DeMet’s agenda, however, included more than continuing his predecessor’s initiatives. For example, he wanted to make sure the chamber got through 2014 in stable financial shape. For an organization that depends on donations and work from volunteers, that can be a challenge – but his goal was realized, says the Rhinelander area native, who previously worked as business manager at a Chicago web development firm. “A lot of what I learned in terms of business operation is what I use here,” he says.
Since he began working at the chamber, DeMet’s business experience and technical knowledge have contributed to successful efforts to launch a Hodag game app and to improve the chamber’s marketing and communication abilities.

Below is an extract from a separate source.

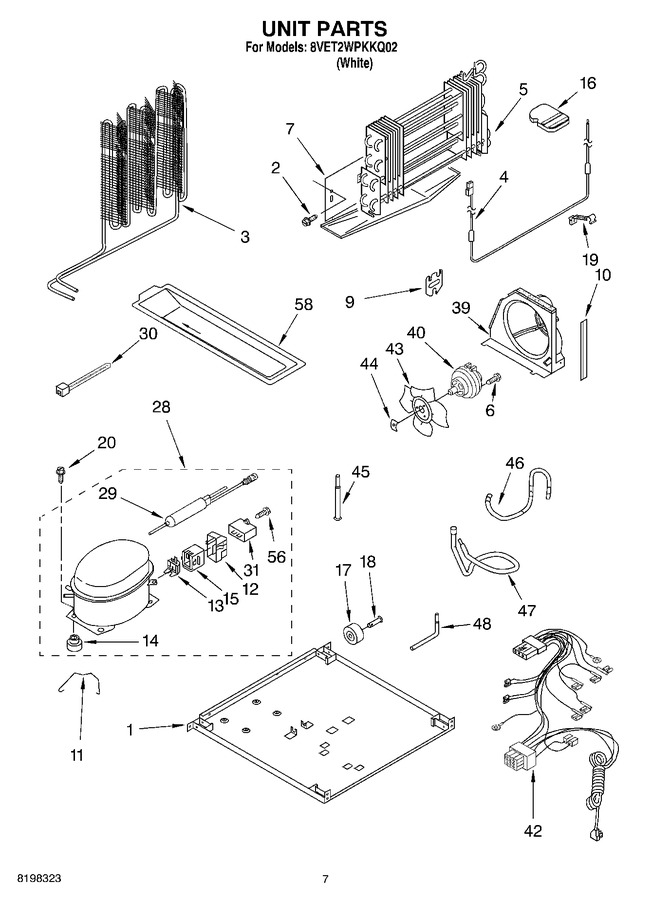 Diagram for 8VET2WPKKQ02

DeMet, who graduated from Rhinelander High School in 2004, has plenty of life experience that he draws on for his current job. After he earned a degree in journalism at the University of Wisconsin-Madison and before he worked for the web development firm in Chicago, he embarked on a two-year commitment to Teach For America (TFA). TFA is a nonprofit dedicated to ending education inequity and the organization recruits a diverse range of people to teach in low income communities. DeMet taught eighth grade English and math in North Carolina and recalls that he learned a lot quickly – “Organizational leadership and just a work ethic,” he says with a laugh. He also honed his ability to work with a diverse group of people. It would become valuable experience for his job as the chamber’s executive director.
Cooperation among different groups is needed to strengthen communities, something DeMet and many others recognize. Rhinelander, he notes, faces challenges that are common among communities everywhere, particularly in rural areas, such as an aging population that’s not being replaced currently by a younger workforce; employers facing higher turnover rates in coming years; and a shortage of middle income housing options, to name a few.

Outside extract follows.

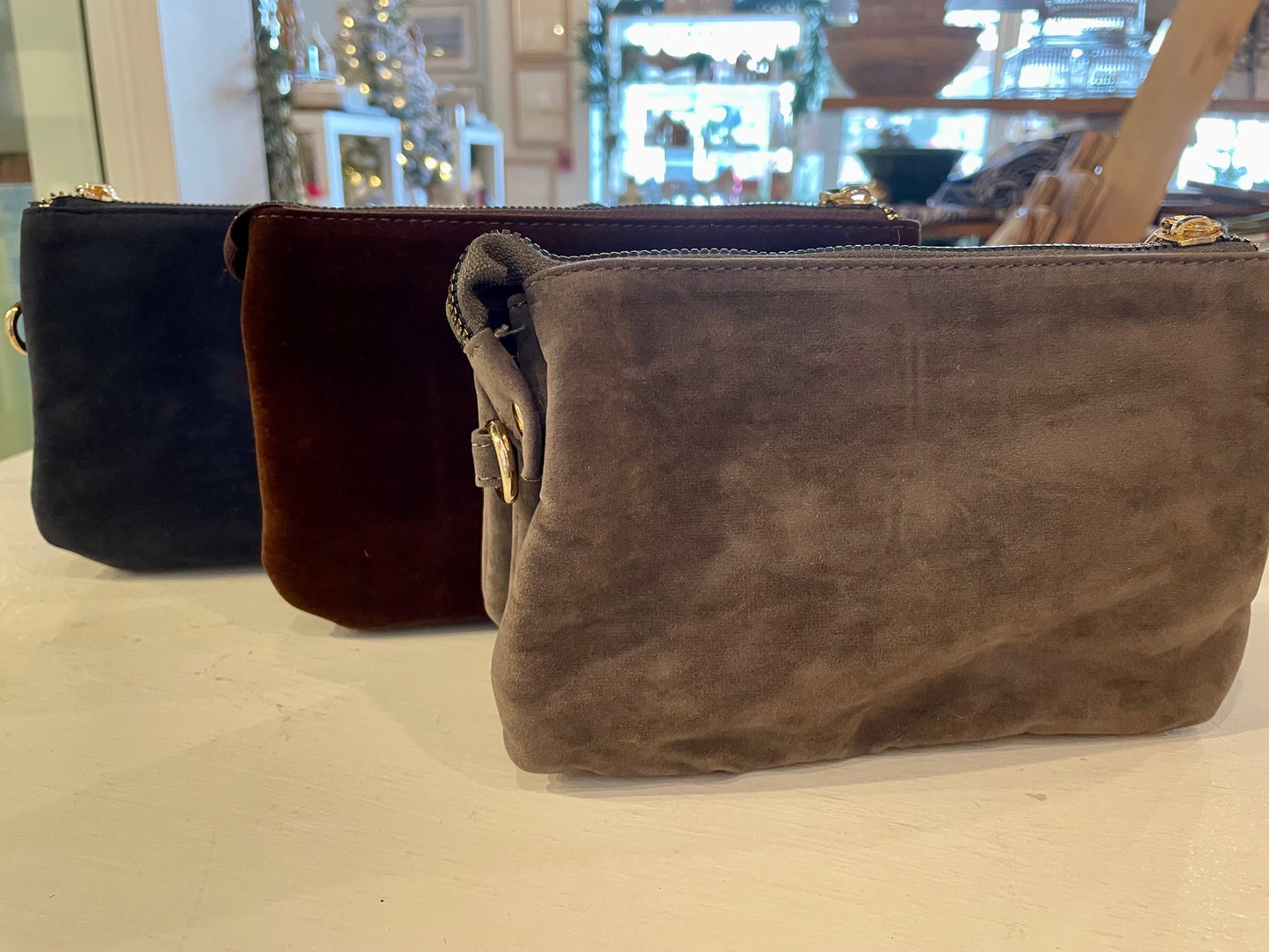 Mini Suede Purse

“I think a big part of what could make Rhinelander attractive to younger families is building on a higher quality of life,” DeMet says. A greater variety of professional jobs and services would attract younger families to a community that’s safe, is a good place to raise a family and has a lower cost of living than many other areas.
“We have that strong sense of community that makes people feel comfortable here,” DeMet notes, and cites additional advantages, like a dedicated work force and major highways that connect the Northwoods to the region’s urban areas. There’s also this area’s natural beauty – “That’s always a strength for us.”

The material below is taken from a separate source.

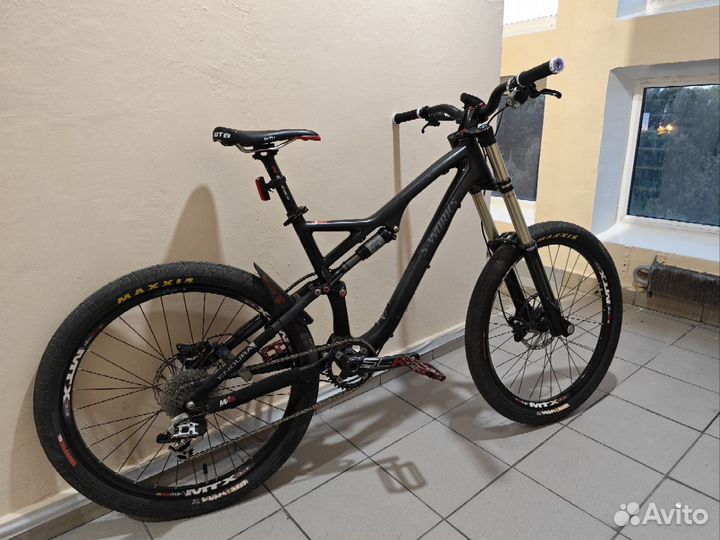 Карбоновый велосипед Specialized FSR S-Works.26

To help attract new businesses and to encourage young families to take up residence here, it’s necessary to promote this area as a place that offers a high quality of life all year long. As part of that effort, the Rhinelander Area Chamber of Commerce is working to establish a 20-year shared strategic plan in conjunction with the city, and private and public organizations.
“The city of Rhinelander, by state statute, is required to have a comprehensive plan that’s updated every five years,” DeMet explains. Other organizations, such as schools and civic groups, also have their own strategic plans. “I realized maybe what Rhinelander was lacking was a shared vision of all these groups, a shared umbrella plan that all groups can work toward.” The chamber began working on the plan with businesses and other parties last August. “Everyone really liked the idea,” he says, noting that the plan is still in progress.
Making the community a more attractive place to live also involves acquiring revenue. One way to gain extra funding would be the proposed premier resort area tax, which would add a half-percent sales tax onto tourism-related purchases. The money would be put toward infrastructure projects in Rhinelander. “The city is very adamant that it’s a positive for our area,” DeMet says. “To try to capture some of that funding, a lot of municipalities would turn to something like this.” At this writing, the state legislature’s joint finance committee had passed the proposal; the state assembly and senate still needed to pass it.
There are other issues facing the community, among them the dissolution of Rhinelander’s Business Improvement District in April. However, Downtown Rhinelander Inc., an organization that’s separate from the chamber and of which DeMet is an ex officio member, is continuing its efforts to revitalize the downtown area. “Downtown is important, not just for the downtown businesses, but also for the character of the Rhinelander area,” he says.
In addition to attracting people and new businesses to Rhinelander, drawing new members to the chamber – and keeping them there – is part of DeMet’s job. Membership in the chamber, he says, is “currently sitting at around 375 members.” The chamber has a low droppage rate. “I always talk about two types of membership. New businesses will join because they’re interested in the promotional capabilities for their businesses. Established businesses see the work the chamber and doing and they support it.” Still others, he adds, support the chamber with their membership because they know the organization supports the community.
The chamber’s job is to advocate for its members, regardless of why they join. “We want to always provide meaningful benefits for our membership,” DeMet says. Among those benefits are promotion of the area (and therefore the area’s businesses), drawing people to this area and acting as a spokesperson, so to speak, for the community.
“My biggest wish is that people would come to us sooner and more often,” DeMet says. “People can use us to reach a broader audience. We might be able to help in ways they don’t realize. We’ve got community groups that are doing fun things. If we can put that in a newsletter that goes to a few thousand people, that helps.
“The chamber can be as big a part of your business or organization as you want it to be,” he continues. “Our actions, promotions and business advocacy are helping the community to be a stronger one.”